Carolijn Visser, Aan het einde van de regenboog, Meulenhoff,
1992
Na het lezen van dit boekje vraag je je af of ze er nog
zijn: de goudzoekers op het schiereiland Osa in Costa Rica. Waarschijnlijk wel,
mensen blijven altijd op zoek naar geluk, zeker als het voor hun gevoel voor
het oprapen ligt.
Carolijn Visser schrijft mooie reisboeken. Ze laat zich
onderdompelen in het land en de cultuur waar ze over schrijft.

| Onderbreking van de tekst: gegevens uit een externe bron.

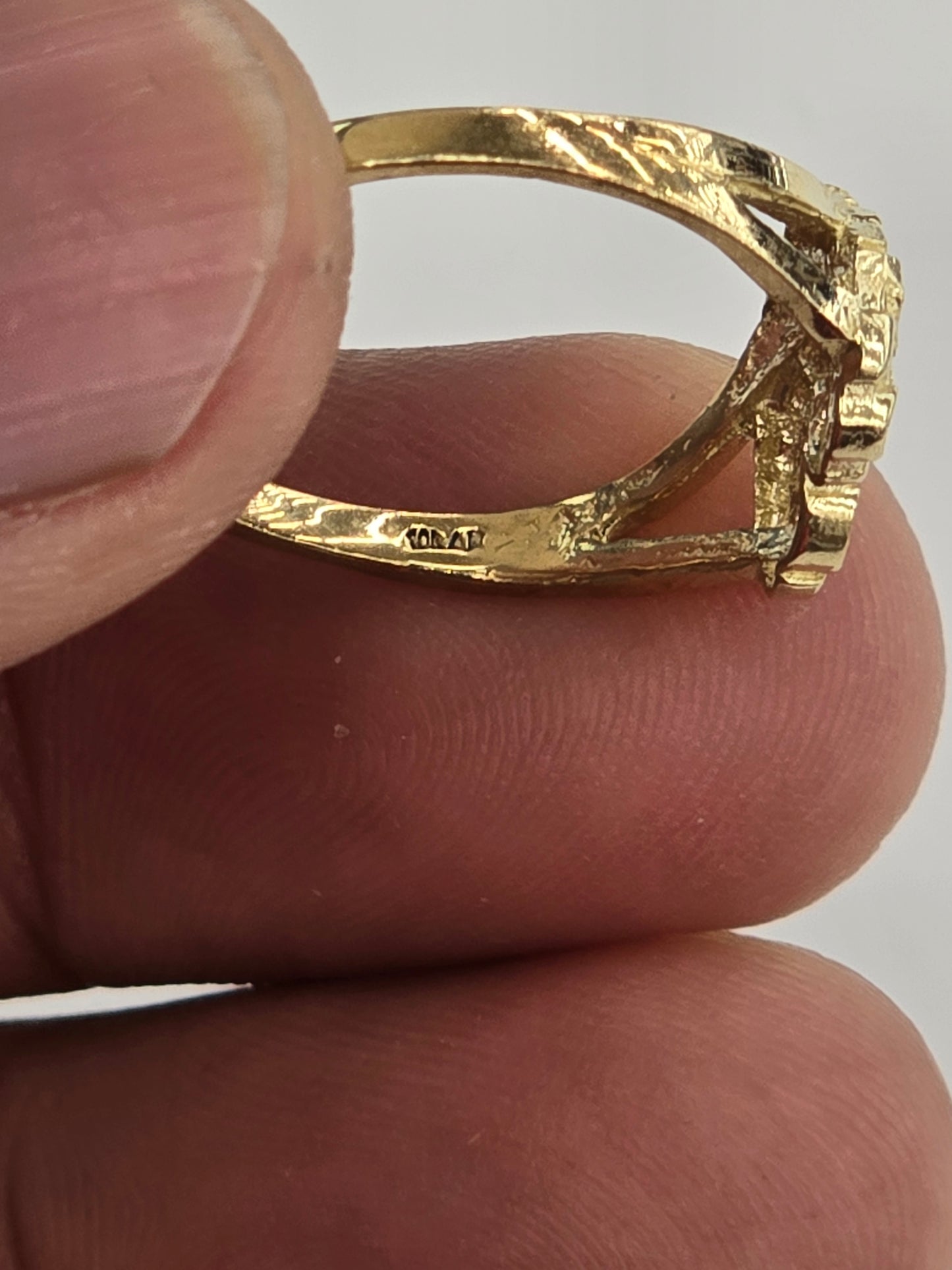 10KT REAL GOLD HEART NUGGET RING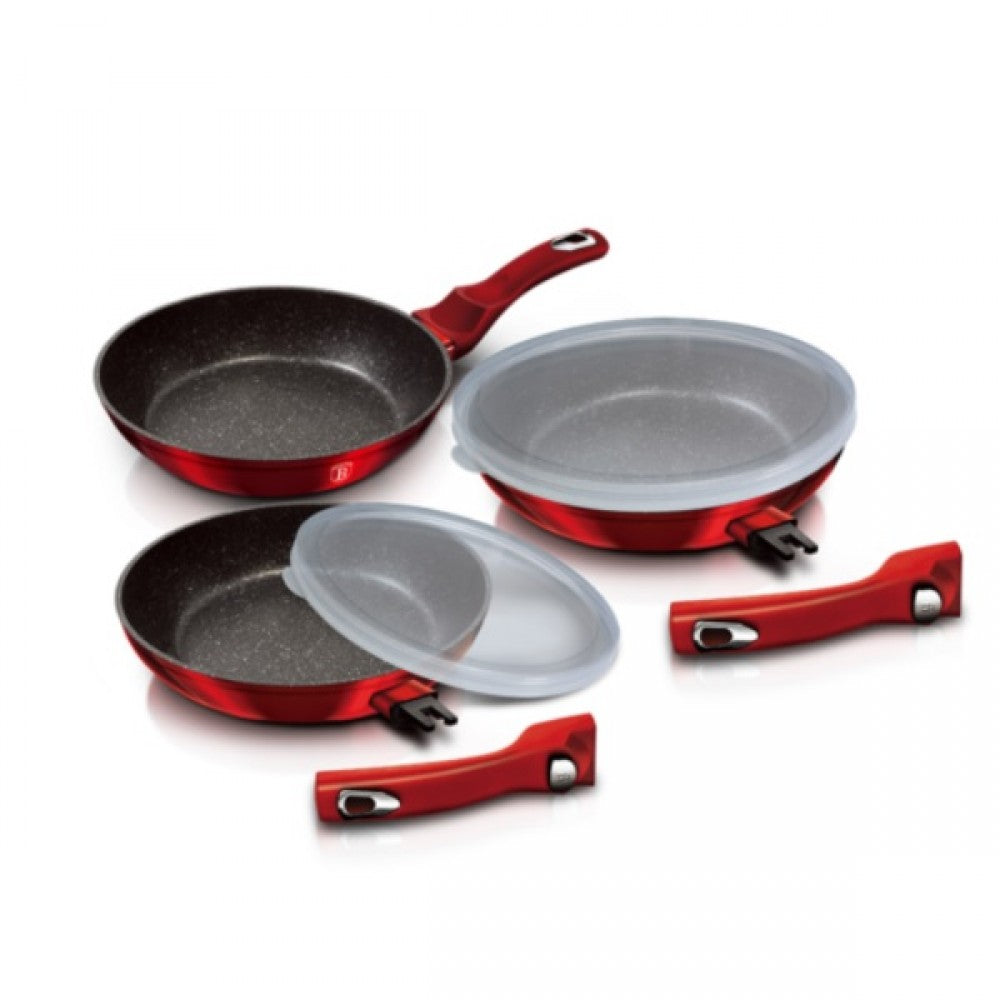 Berlinger Haus Set de 5 sartenes con asa desmontable, Metallic Line Burgundy Edition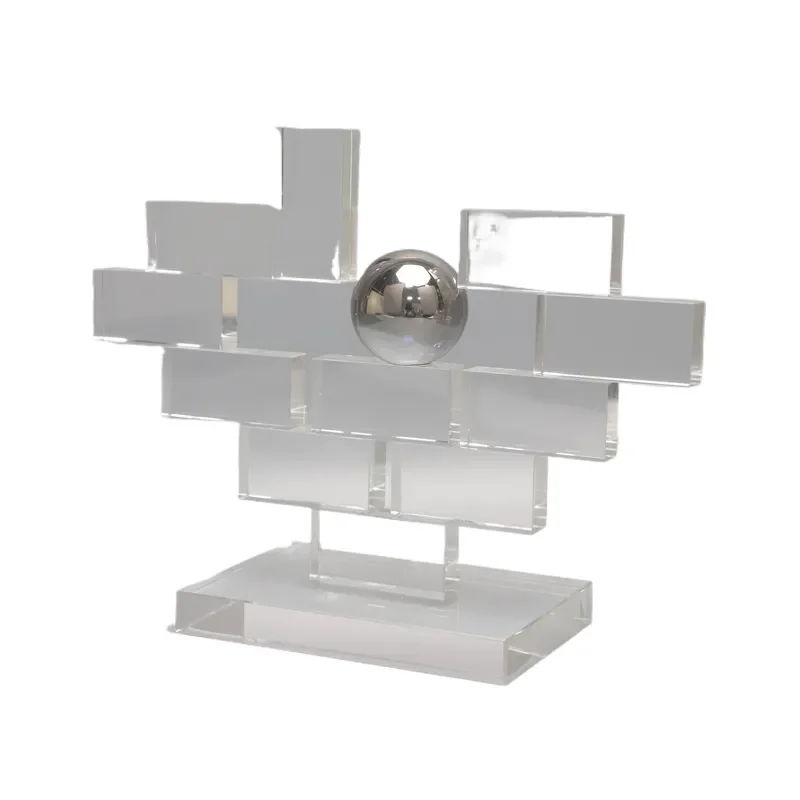 Nordic Creative Transparent Crystal Wall Ornament Model House for Sales Department Bedroom Study Living Room Desktop Entrance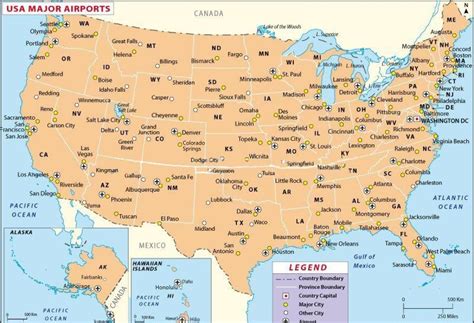 Mapa Portów Lotniczych Usa Położenie Portów Lotniczych I
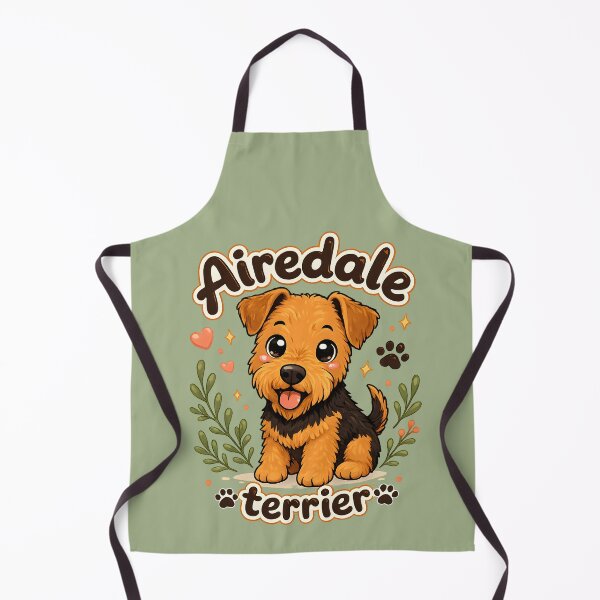 Item preview, Cute Airedale Terrier Puppy Illustration with Hearts & Floral Accents designed and sold by blankTeeShirt.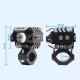 Set 2 proiectoare moto LED cu putere mare, rezistente la apă, corp aluminiu, 2 culori, 6500K, prindere cadru Set 2 proiectoare moto LED cu putere mare, rezistente la apă, corp aluminiu, 2 culori, 6500K, prindere cadru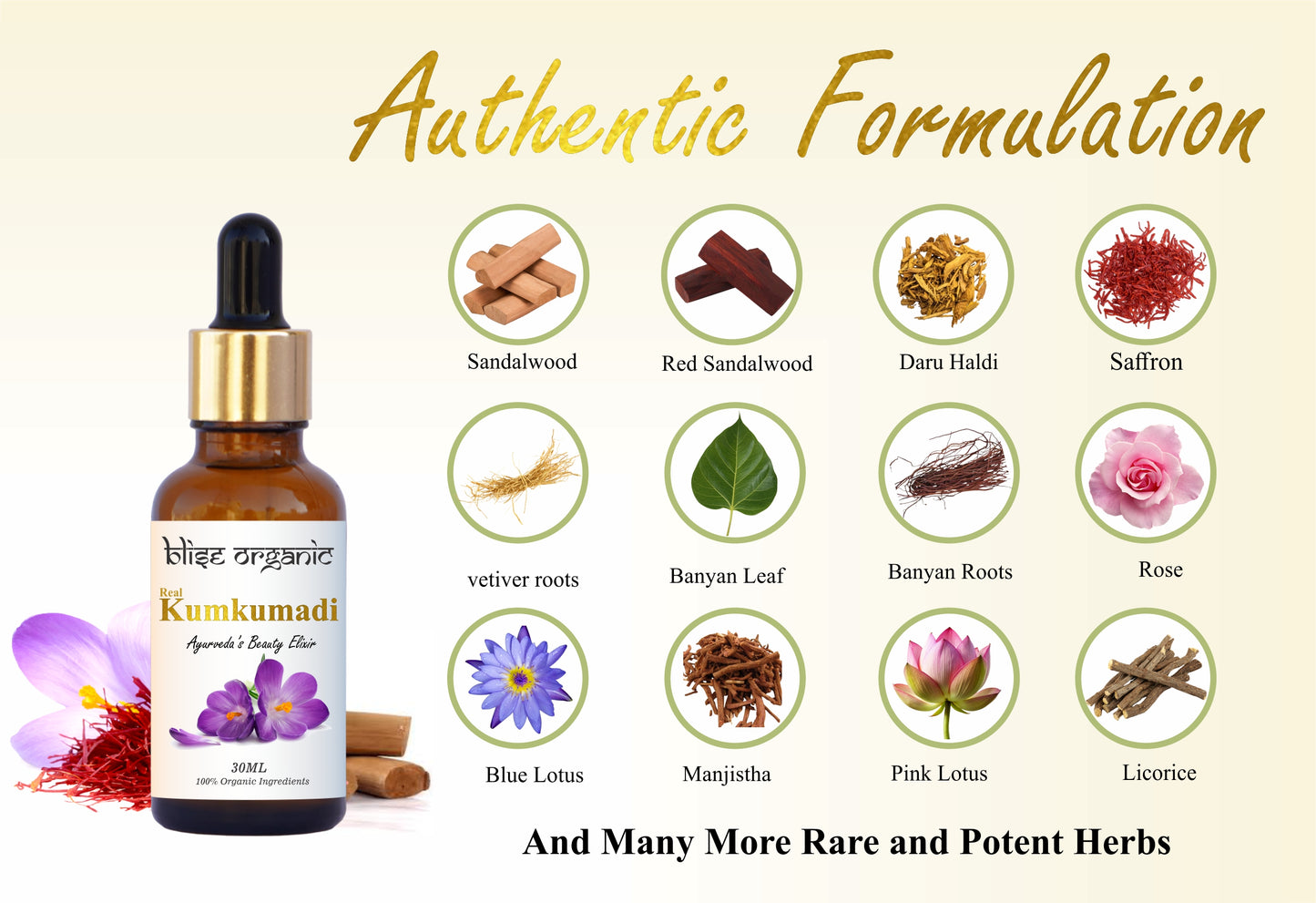 Real Kumkumadi Oil - 100% Natural and Organic, Beauty Elixir for immortal Glow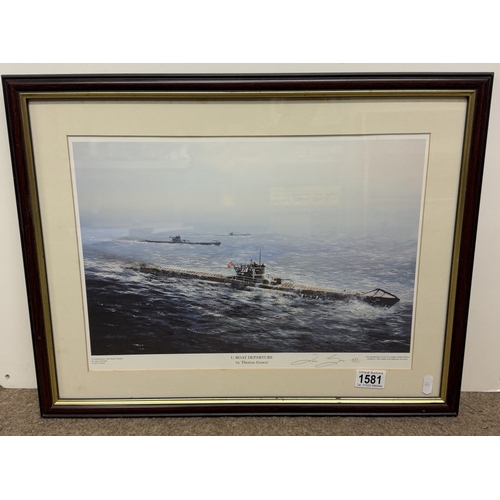 1581 - A framed & glazed nautical print titled 'U-Boat Departure' by Thomas Gower 388/1500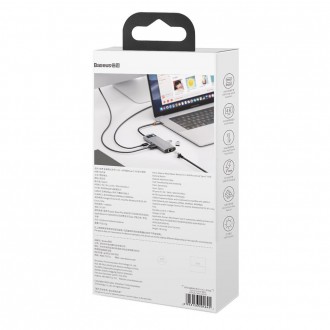 Baseus Metal Gleam 6in1 multifunkční rozbočovač USB typu C – napájení USB typu C 100 W / HDMI 4K 30 Hz / 3x USB 3.2 Gen 1 / RJ45 1 Gbps šedá (CAHUB-CW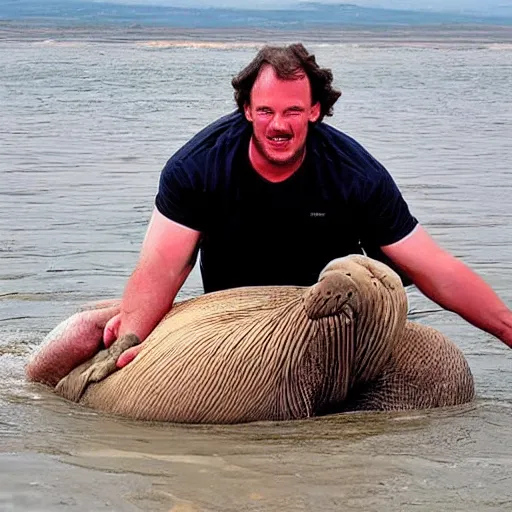 Image similar to phil hawkins, a small man, wrestles a huge walrus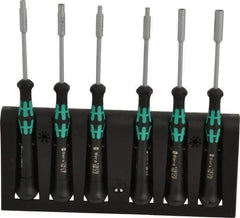 Wera - 6 Piece 2 to 5mm Electronic Nutdriver Set - Standard Shaft, Ergonomic Handle - Eagle Tool & Supply
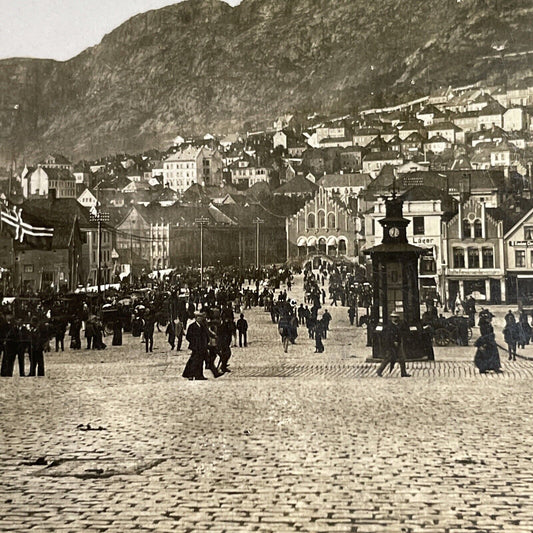 Antique 1890s Farmers Market In Bergen Norway Stereoview Photo Card P1558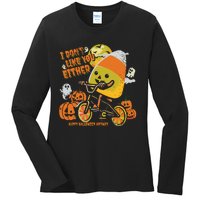 Halloween Costume Team Candy Corn I DonT Like You Either Ladies Long Sleeve Shirt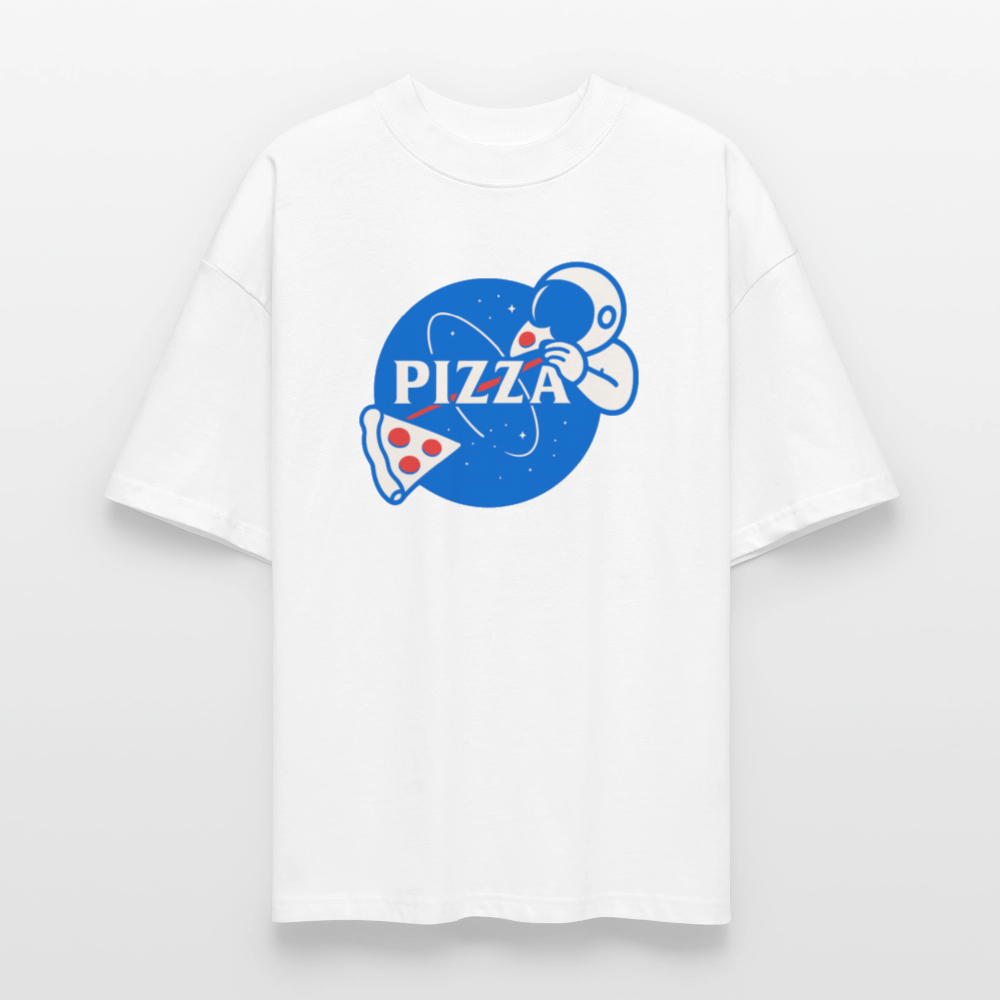 NASA Pizza Fusion Shirt | Oversized Unisex Bio T-Shirt mit Astronaut & Pizzastück - Weiß
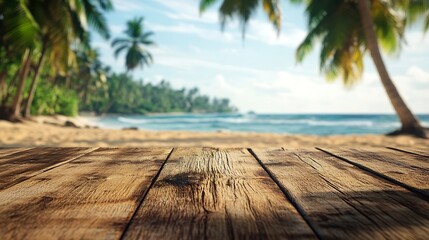 Wall Mural - Empty wooden table with blurred beach with coconut trees in the background : Generative AI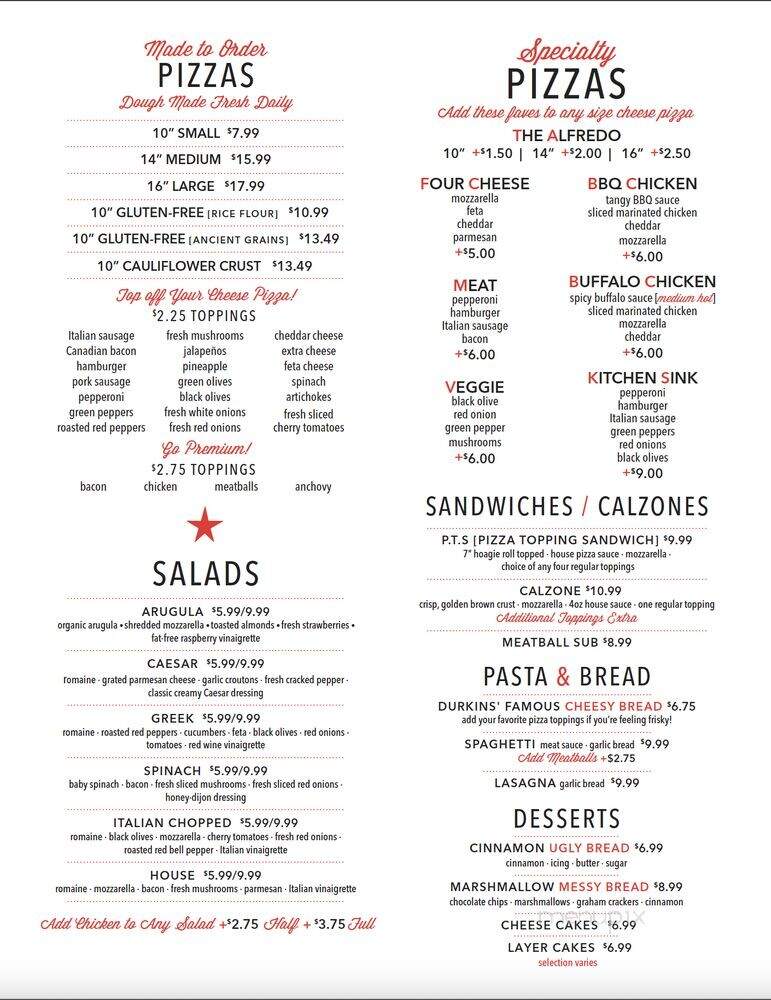 Durkins Pizza - McKinney, TX menu_pic
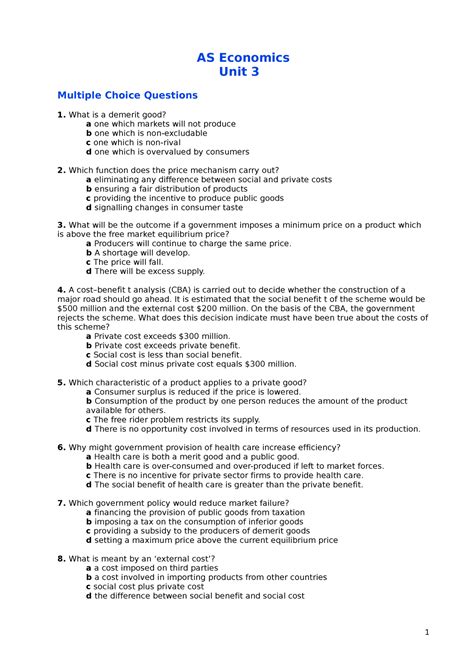 Economics unit 3 multiple choice questions.  It&rsquo;s the study of scarcity, the stu...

Voor dit verhaal verbleef ze een half jaar op
het schiereiland, sprak met de mensen daar, wat niet altijd makkelijk ging
omdat het in de eerste plaats goudzoekers waren die niet zomaar gingen
vertellen waar ze naar goud zochten en hoeveel ze daarmee verdienden.
De
lezer leeft mee met het primitieve bestaan van deze op zichzelf levende pioniers
met hun twisten en wantrouwen. Tegen beter weten in trekken ze dieper het
oerwoud in omdat daar een grote goudader zou liggen. Niemand weet er het fijne
van, maar men blijft zoeken. 
Eén van de goudzoekers heeft besloten niet langer met houwelen in de aarde te wroeten, maar verhandelt voor de anderen het goud dat ze gevonden hebben. Hij trekt door het oerwoud langs de armzalige hutjes en verkoopt het op het vaste land. Uiteraard houdt hij er zelf genoeg aan over. En er is een café, waar de woeste mannen en vrouwen hun zuur verdiende geld verdrinken.
Om terug te komen op de vraag of ze er nog zijn: vast wel, maar een stuk
minder. Aan het eind van het verslag van Visser blijkt dat de Japanners en
Amerikanen ook het goud ontdekt hebben en met
nieuwe technologie en grote ondernemingen de eenlingen verjagen.